%%
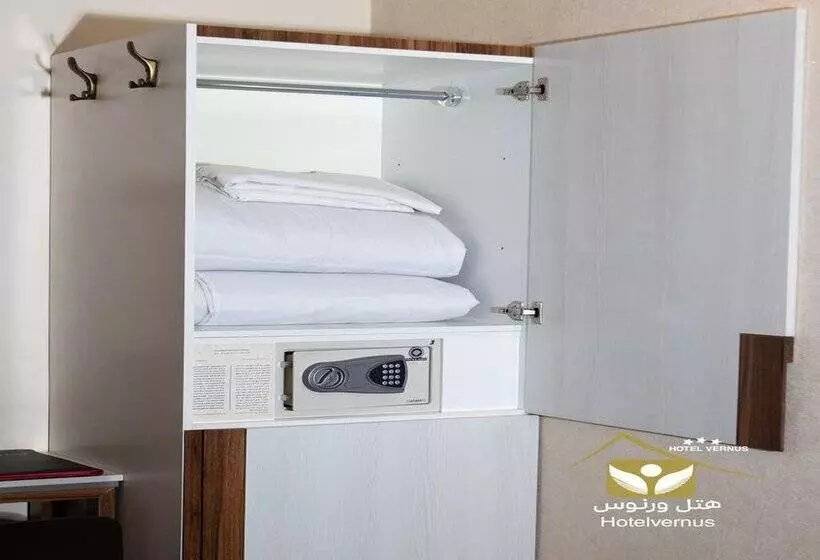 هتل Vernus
%%
%%
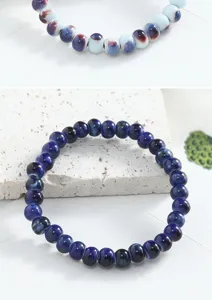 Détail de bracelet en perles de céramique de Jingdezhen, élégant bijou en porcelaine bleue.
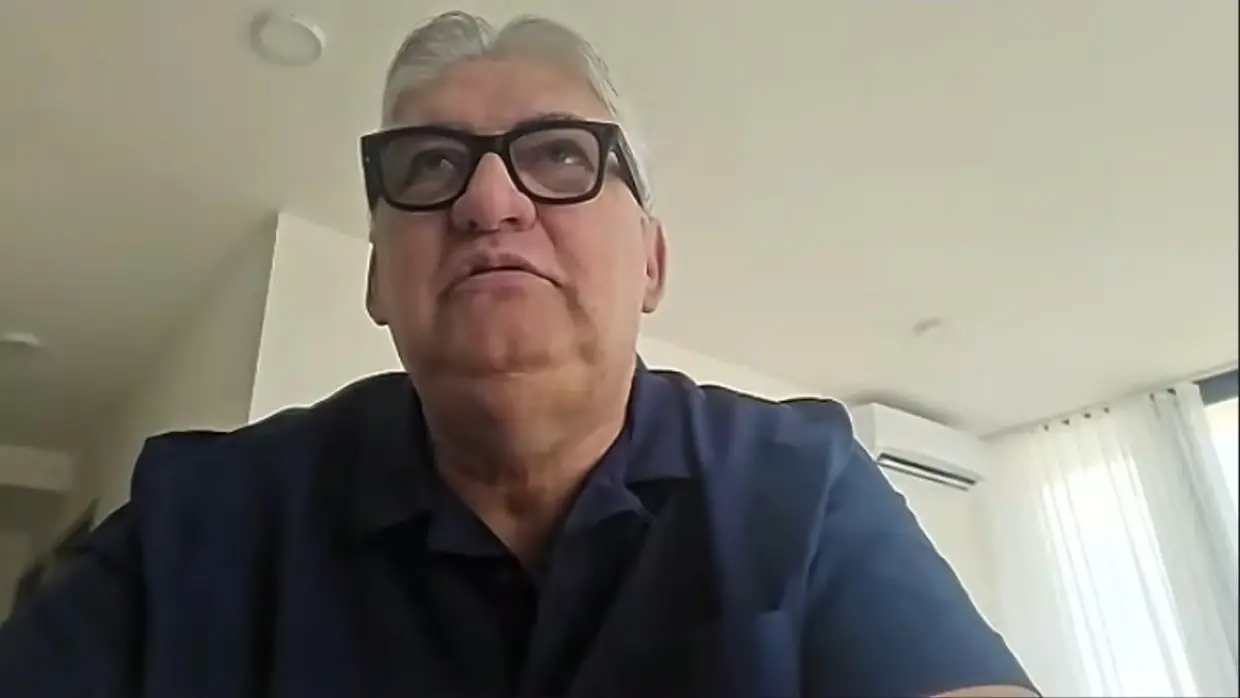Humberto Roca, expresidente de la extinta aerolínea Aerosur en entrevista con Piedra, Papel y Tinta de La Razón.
%%
▶ Work to be completed: Drop the pictures; return the lines above from the line containing "Détail de bracelet" to the line containing "Humberto Roca, expresidente", both included, exactly.

▶ Response to the task:
 Détail de bracelet en perles de céramique de Jingdezhen, élégant bijou en porcelaine bleue.
Humberto Roca, expresidente de la extinta aerolínea Aerosur en entrevista con Piedra, Papel y Tinta de La Razón.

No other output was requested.